Joy Goddess: A'Lelia Walker and the Harlem Renaissance was published on June 10, 2025, by Scribner as the first major biography of this celebrity heiress and arts patron who traveled internationally and hosted some of the most memorable parties of New York's Jazz Age. Bundles's nonfiction biography, On Her Own Ground: The Life and Times of Madam C. J. Walker was optioned for a 2020 Netflix series, Self Made, starring Octavia Spencer. She has discussed the historical inaccuracies and behind-the-scenes creative differences in several interviews, podcasts and articles including an Andscape article where she wrote "I'd been part of a complex and frustrating dance as my nonfiction, fact-based material was translated from book to movie by scriptwriters whose visions, goals and sensibilities often were quite different from mine...I had been anticipating Hidden Figures.
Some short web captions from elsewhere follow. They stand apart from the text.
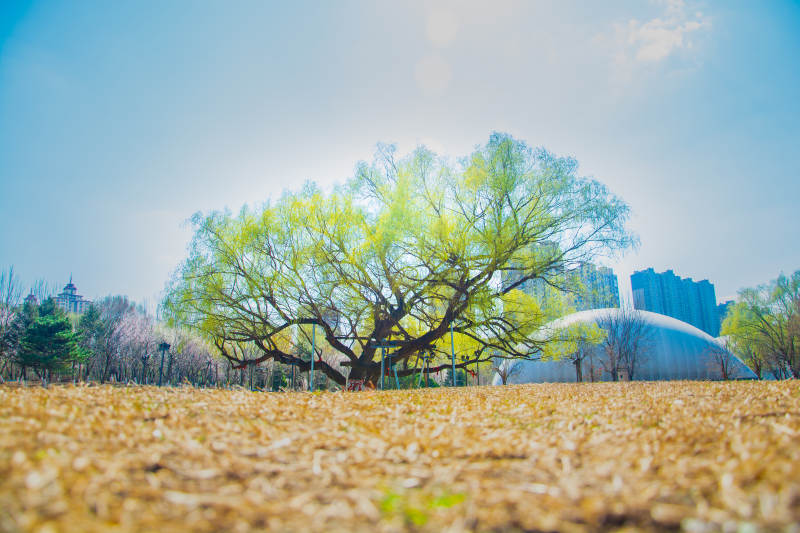 春日柳树映蓝天图片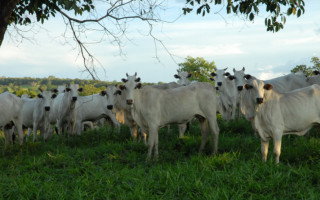 Rebanho bovino.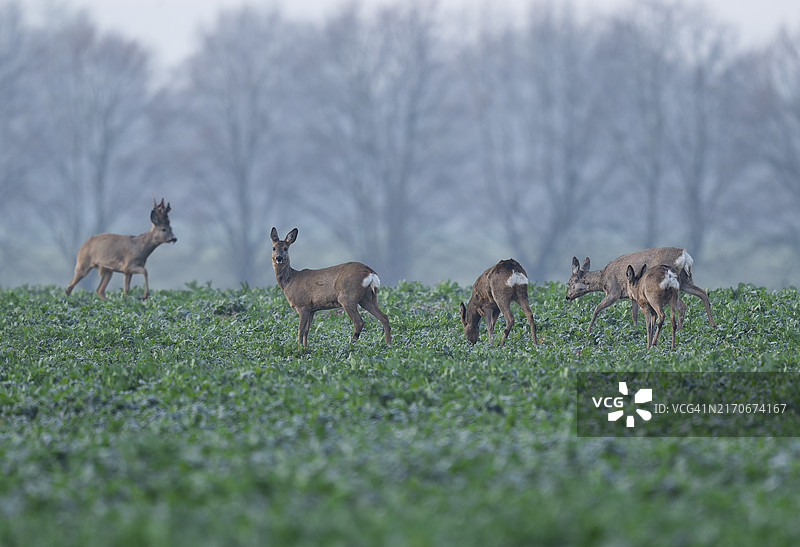 欧洲狍（Capreolus capreolus），一群在田野里跳跃的野生动物，德国图林根图片素材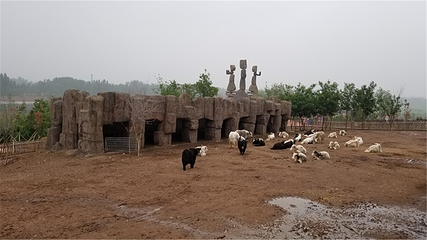 诸城市动物园第 38 张图片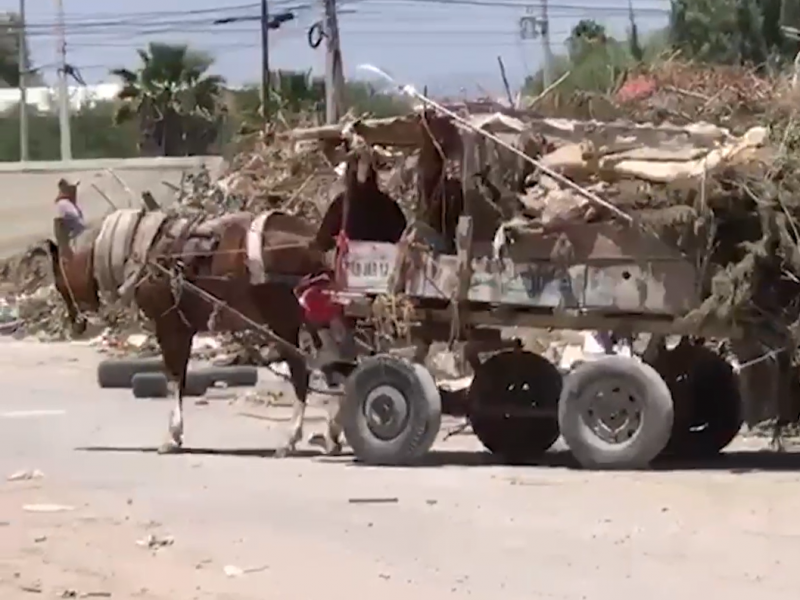 Carromateros serán sancionados si tiran escombro en lugares no autorizados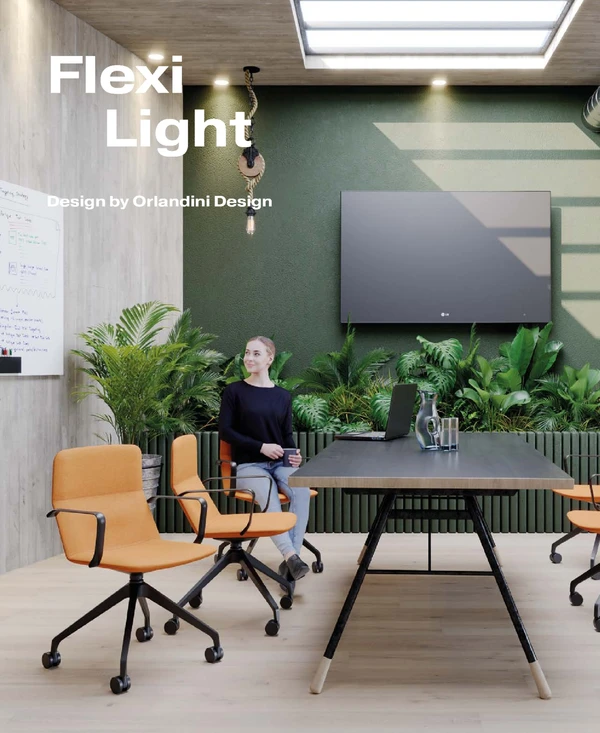 Preview image for the file Flexi Light Collection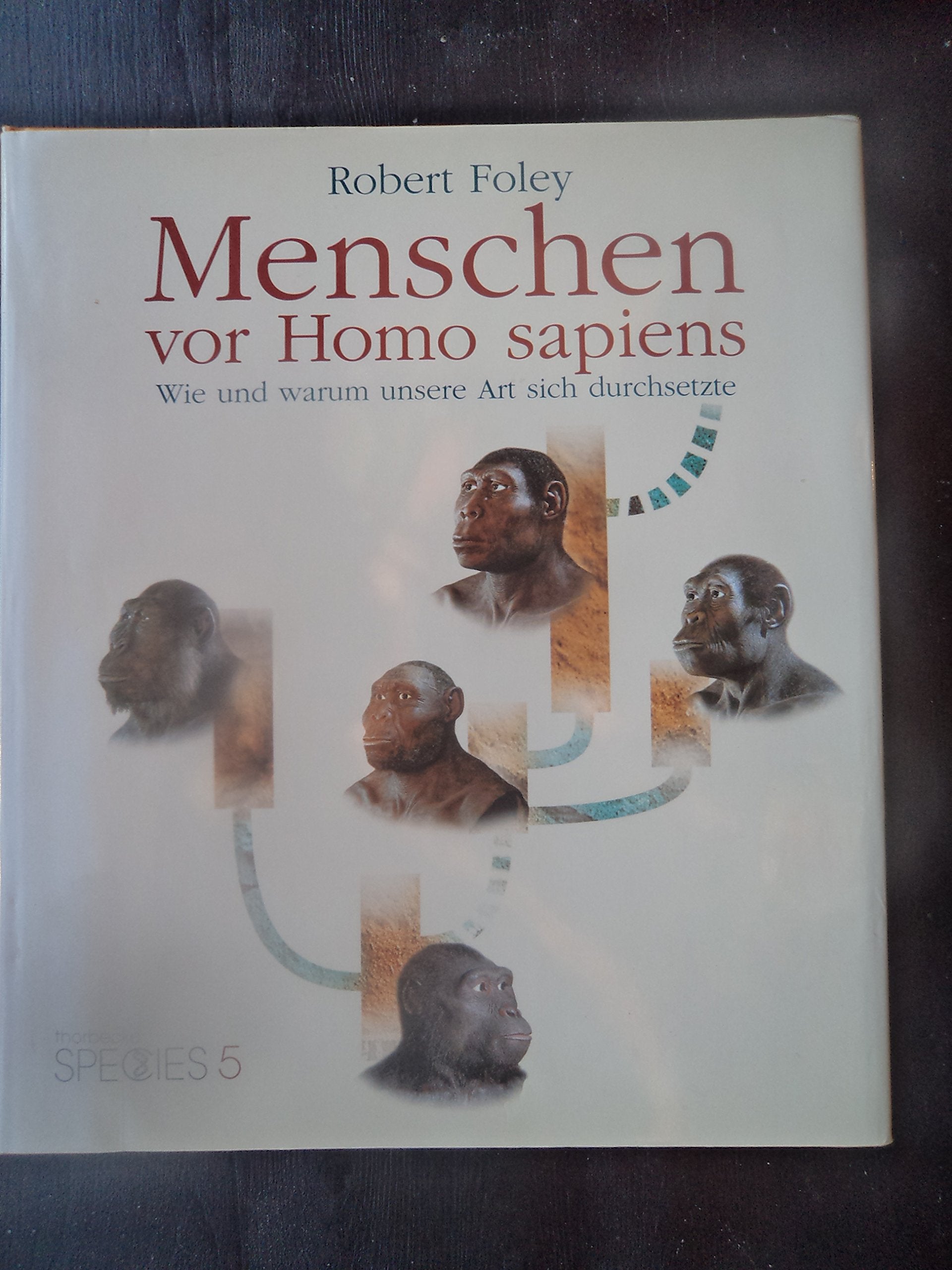 Menschen vor Homo sapiens: Wie und warum unsere Art sich durchsetzte Business & Technology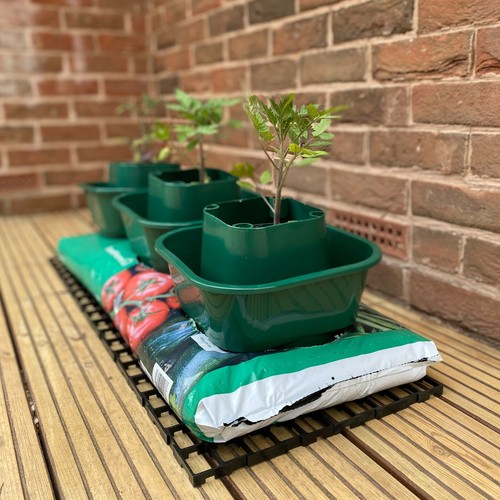 Grow bag watering pots - bag,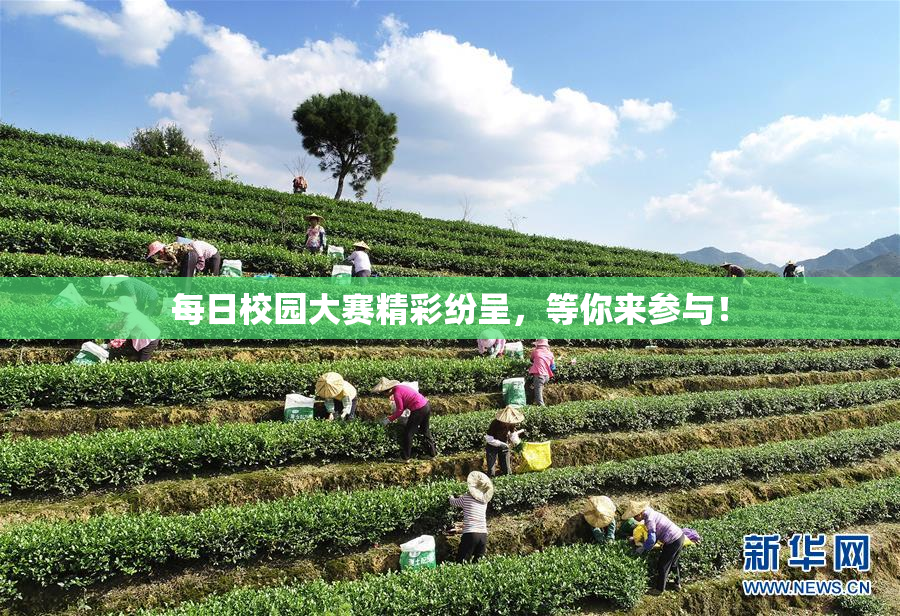 每日校园大赛精彩纷呈，等你来参与！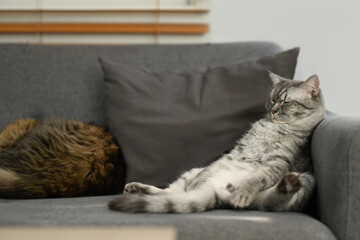 Lazy tabby cats are sleeping on comfortable couch with a funny gesture. Domestic life animals...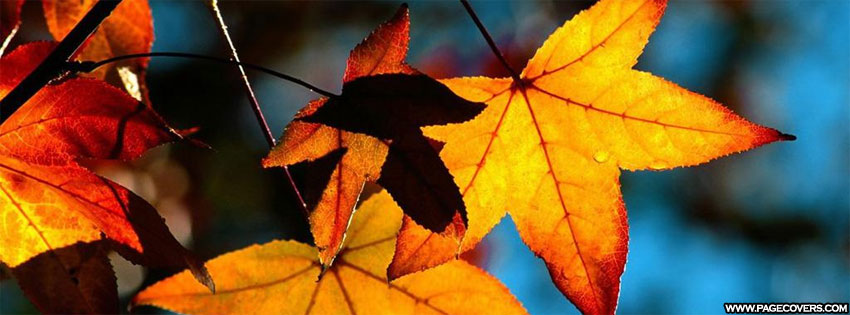 nature fall facebook cover
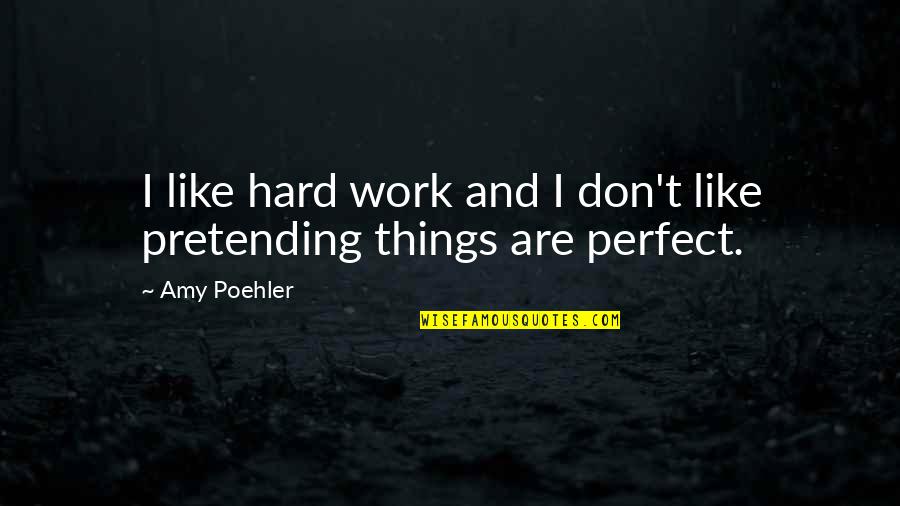 Encontrastes Quotes By Amy Poehler: I like hard work and I don't like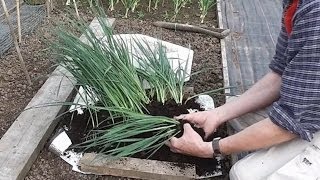 Allotment Diary  How to grow Leeks  Planting out [upl. by Kendall269]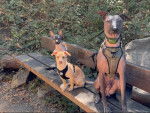 Trois Xoloitzcuintle assis sur un banc en bois et portant chacun un harnais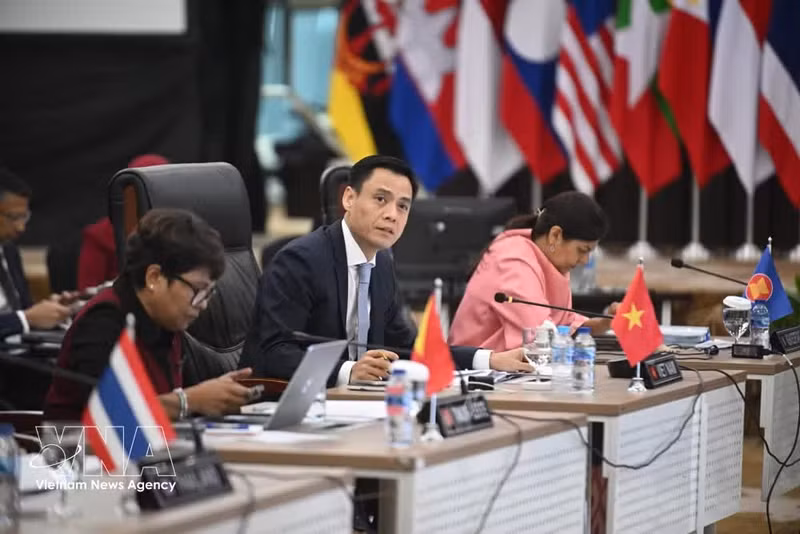El viceministro de Relaciones Exteriores de Vietnam y jefe de la delegación de Altos Funcionarios del país ante la Asean, Dang Hoang Giang. (Foto: VNA)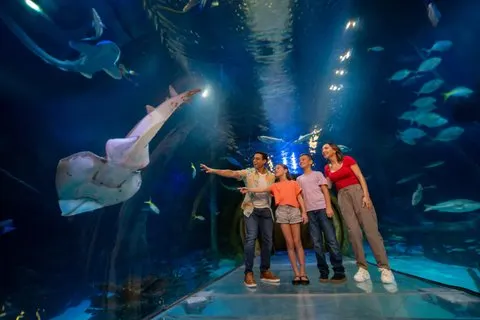 Billet d'entrée à l'aquarium SEA LIFE Orlando à l'ICON Park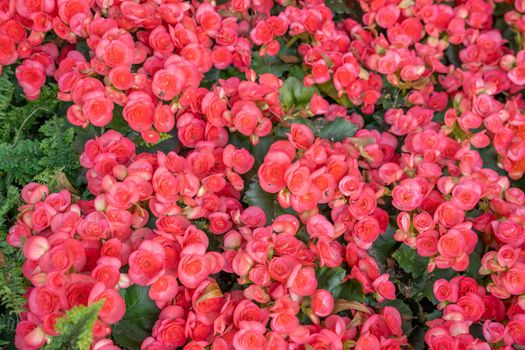 Varieties of potted pink colored begonia flowers in garden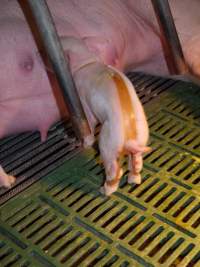 Piglet with splayleg tape - Australian pig farming - Captured at Templemore Piggery, Murringo NSW Australia.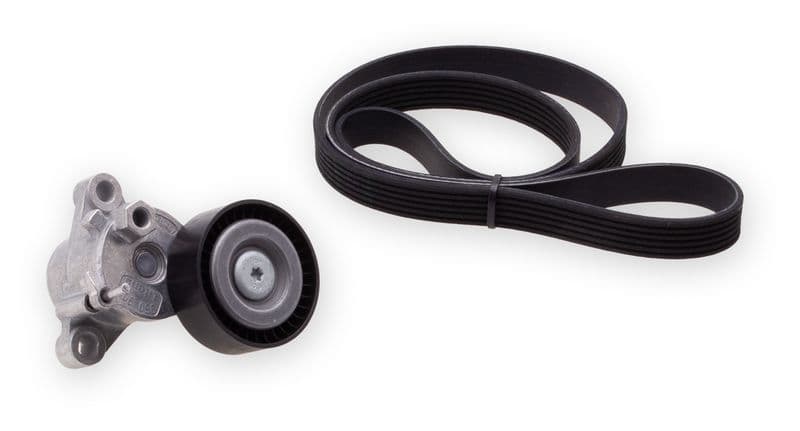 Multi-V-riem (6PK1250)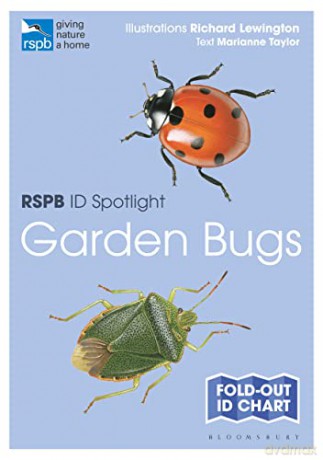 RSPB ID Spotlight - Garden Bugs - Marianne Taylor [KSIĄŻKA]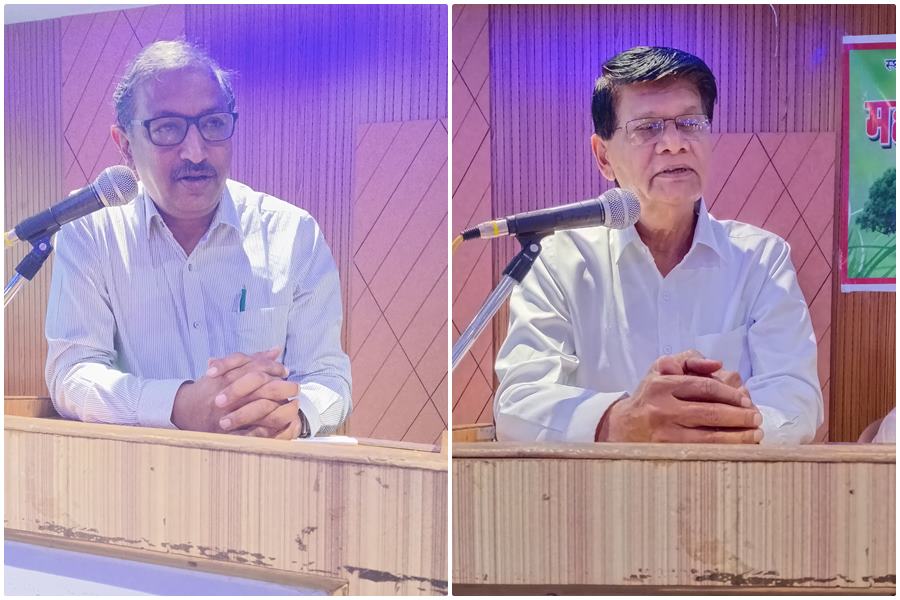  सैन्सेविरिया, एलोविरा, एरेका पाम और तुलसी का पौधा हमें देगा 24 घंटे आक्सीजन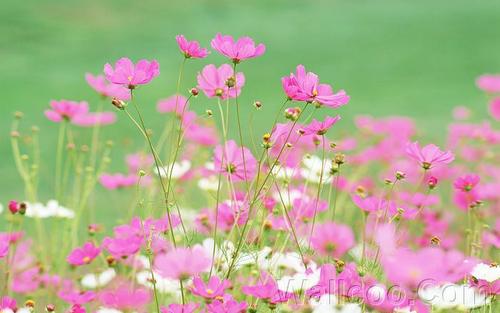 家庭和感人的简短句子谈论心情2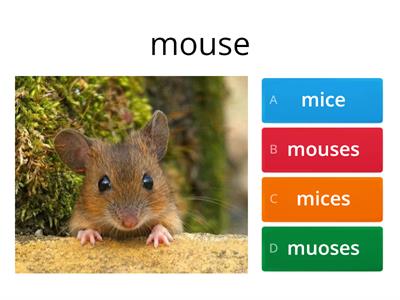 Iregular nouns (plural) 3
Instead The Real Housewives of Atlanta was staring back at me."

==Published works==
- Joy Goddess: A'Lelia Walker and the Harlem Renaissance (Scribner, 2025)
- "At the Harlem Renaissance's Most Lavish Parties, Glamour Was a Tool of Resistance" (Town & Country, June 10, 2025)
- "To Tell the Honest Truth: Why Black Women's Stories Remain Essential" (LitHub.com, June 11, 2025)
- On Her Own Ground: The Life and Times of Madam C. J. Walker (Scribner, 2001)
- Madam C. J. Walker: Entrepreneur (Chelsea House, 1991; revised 2008)
- Madam Walker Theatre Center: An Indianapolis Treasure (Arcadia Publishing, 2013)
- All about Madam C. J. Walker (Blue River Press/Cardinal Publishing, 2017)
- "Madam C. J. Walker" and "A'Lelia Walker" entries in Henry Louis Gates and Evelyn Higginbotham's African American National Biography
- "Madam C. J. Walker" entry in Darlene Clark Hines's Black Women in America.
- "Netflix's 'Self Made' Suffers from Self-Inflicted Wounds" (Andscape.com, May 12, 2020)

==Awards==
- Forbes 50 Over 50 Impact List 2021
- Emmy Award (NBC News)
- duPont Gold Baton (ABC News 1994)
- American Book Award 1992 for Madam C. J. Walker: Entrepreneur (Chelsea House, 1991)
- The New York Times Notable Book for On Her Own Ground: The Life and Times of Madam C. J. Walker 2001
- Black Caucus of the American Library Association Honor Book 2002
- Letitia Woods Brown Book Prize from the Association of Black Women Historians 2001
- Distinguished alumni awards from Harvard University, Radcliffe College (2004) and Columbia University (2007)
- Honorary doctorate, Indiana University, 2003
- North Central High School Hall of Fame
- Black Memorabilia Hall of Fame
- Indiana Historical Society's Indiana Living Legend, 2021

== Personal life ==
Bundles is a member of the Daughters of the American Revolution as a direct descendant of American Revolutionary War patriot Ishmael Roberts.